Emissions from Tesco’s products and supply chain make up more than 90% of the retailer’s total emissions footprint. Some 100 of Tesco’s largest suppliers have already reduced manufacturing emissions by 20%.
Range of activities
New activities announced by the retailer include:
- Supporting all suppliers to establish a net-zero ambition and set science-based targets.
- Accelerating operational decarbonisation across key emissions hotspots such as refrigeration, heating and transport.
- Trialling innovations with suppliers to reduce emissions from agriculture, including the use of low-carbon fertiliser and alternative animal feed such as insect meal.
'Whole supply chain effort'
NFU President Minette Batters said: “It’s clear that a whole supply chain effort is required to combat climate change and we welcome Tesco’s commitment to work with its farmer suppliers on sustainable food production. British farmers are already leading the way in climate-friendly food and we have an ambition to do even more, working towards net-zero food production by 2040.

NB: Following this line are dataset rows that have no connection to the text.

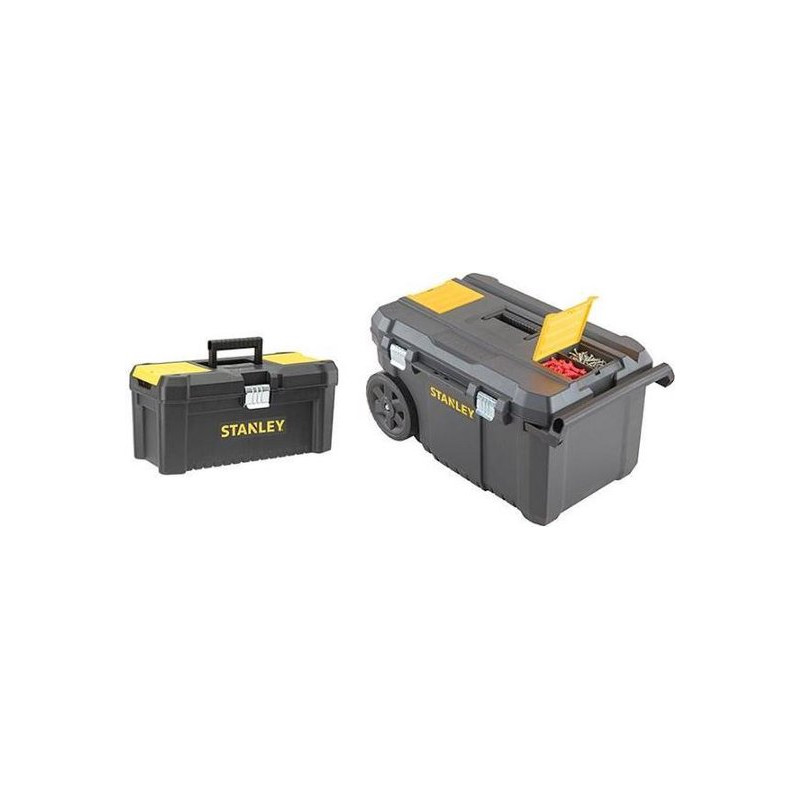 Servante mobile Essential avec boite à outils STANLEY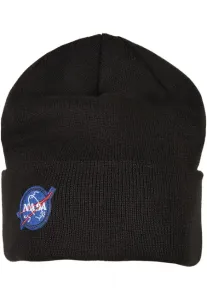NASA Beanie Wintermütze, schwarz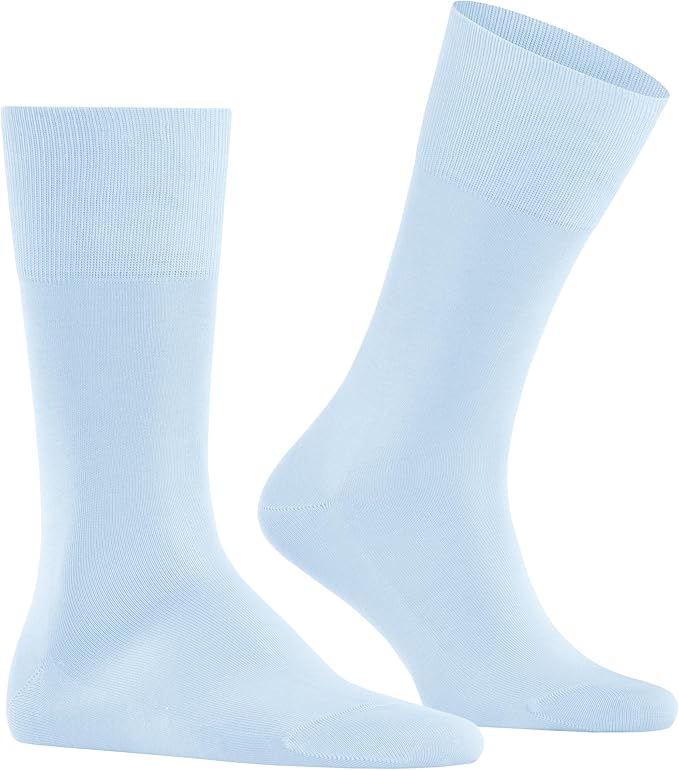 FALKE Men's Tiago Dress Socks, Sustainable Cotton, Crew, 1 Pair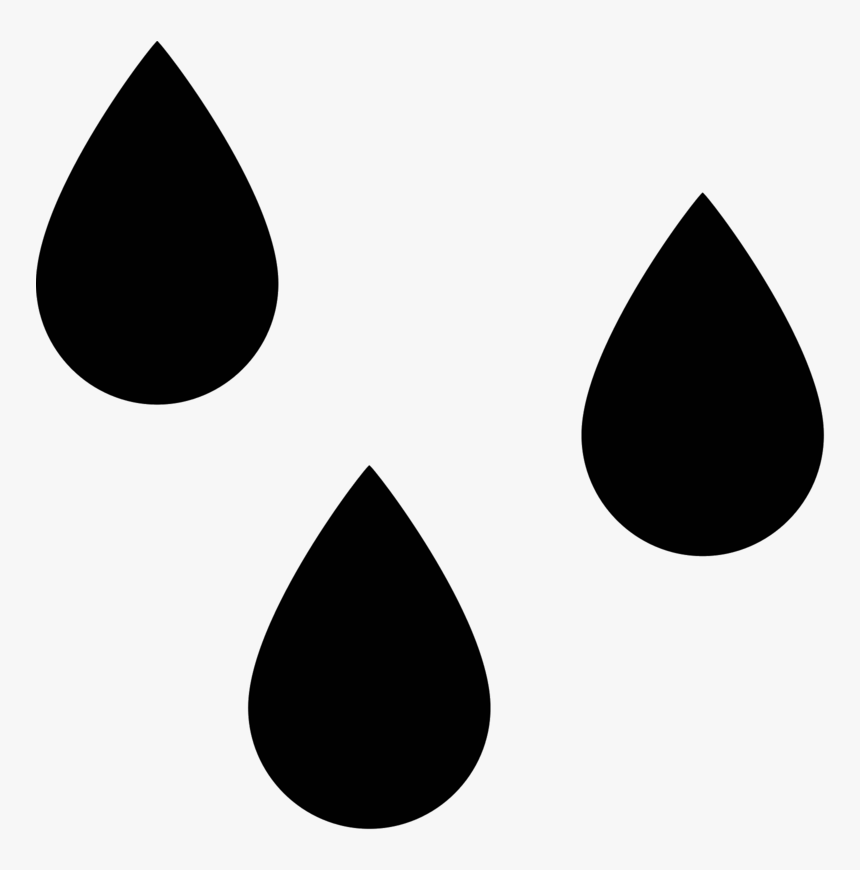 water drop clipart black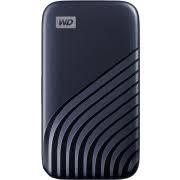 External SSD WESTERN DIGITAL My Passport 1TB USB-C Write speed 1000 MBytes/sec Read speed 1050 MBytes/sec WDBAGF0010BBL-WESN  WDBAGF0010BBL-WESN 619659183967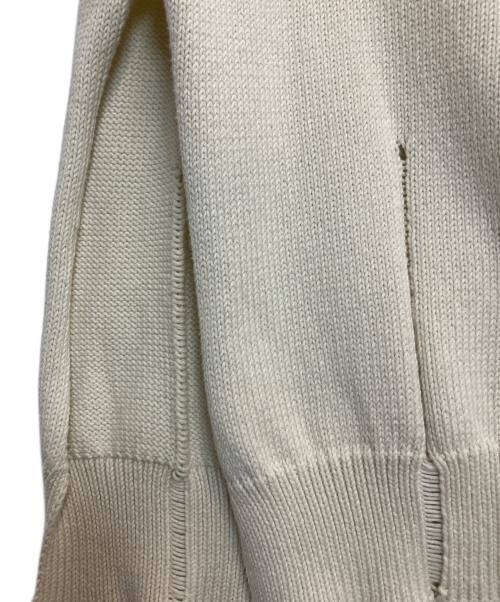 Maison Margiela（メゾンマルジェラ）Maison Margiela (メゾンマルジェラ) クラッシュドサイドスリッドニット ホワイト サイズ:Sの古着・服飾アイテム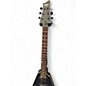 Used Schecter Guitar Research Diamond Series Monster Energy Flying V Satin Black Solid Body Electric Guitar thumbnail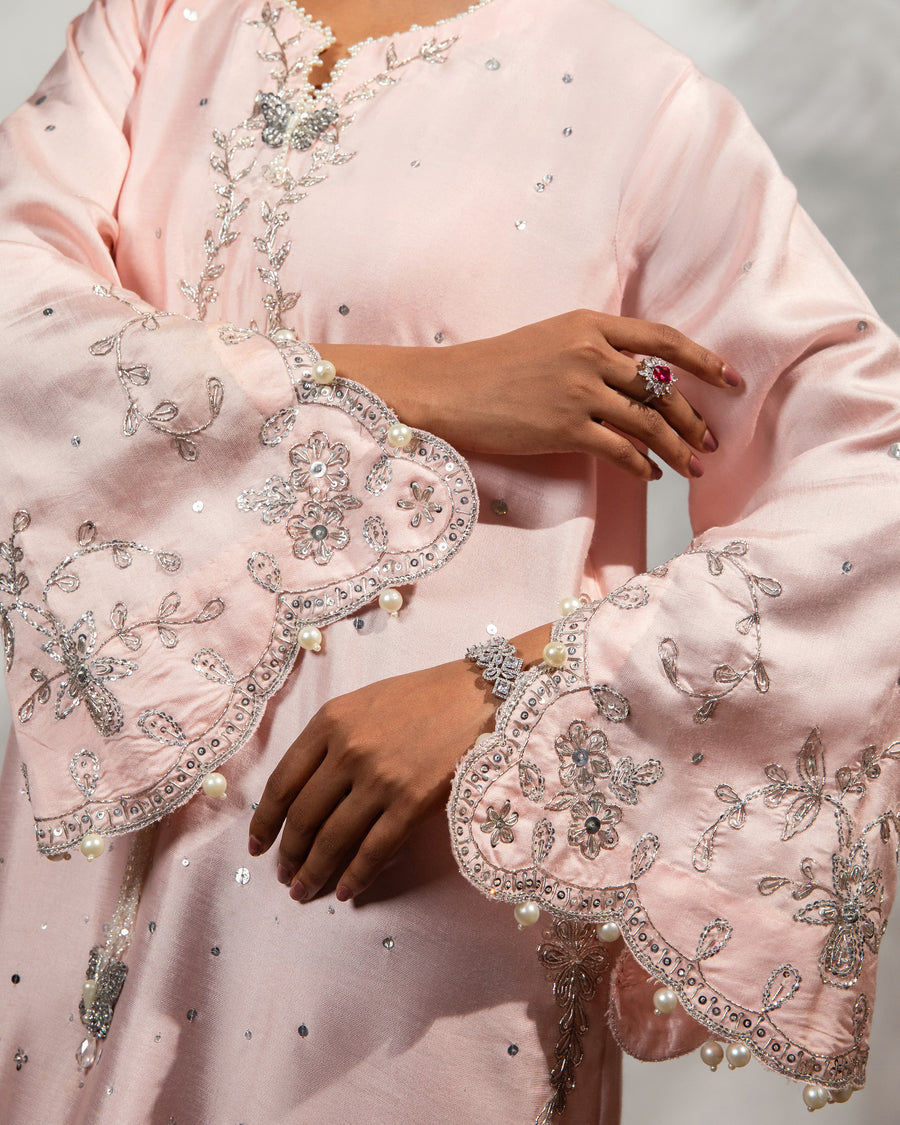 BLUSH PINK KAFTAN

“The commitment made by Tesco will require significant effort across the supply chain to deliver. The NFU will be reaching out to Tesco to understand how they will be supporting British farmers and growers to meet its target of being net zero by 2050.
“The public should be reassured that if they want to enjoy sustainable and nutritious meat and dairy products and at the same time reduce their carbon footprint, they can.
“In the UK, greenhouse gas emissions from beef and dairy production are less than half that of the global average. At a time when we know the entire nation should also be eating more fruit and veg, there is also an abundance of home-grown, seasonal and nutritious fresh produce available, so you can eat healthily and more sustainably by eating a balanced diet and choosing British.”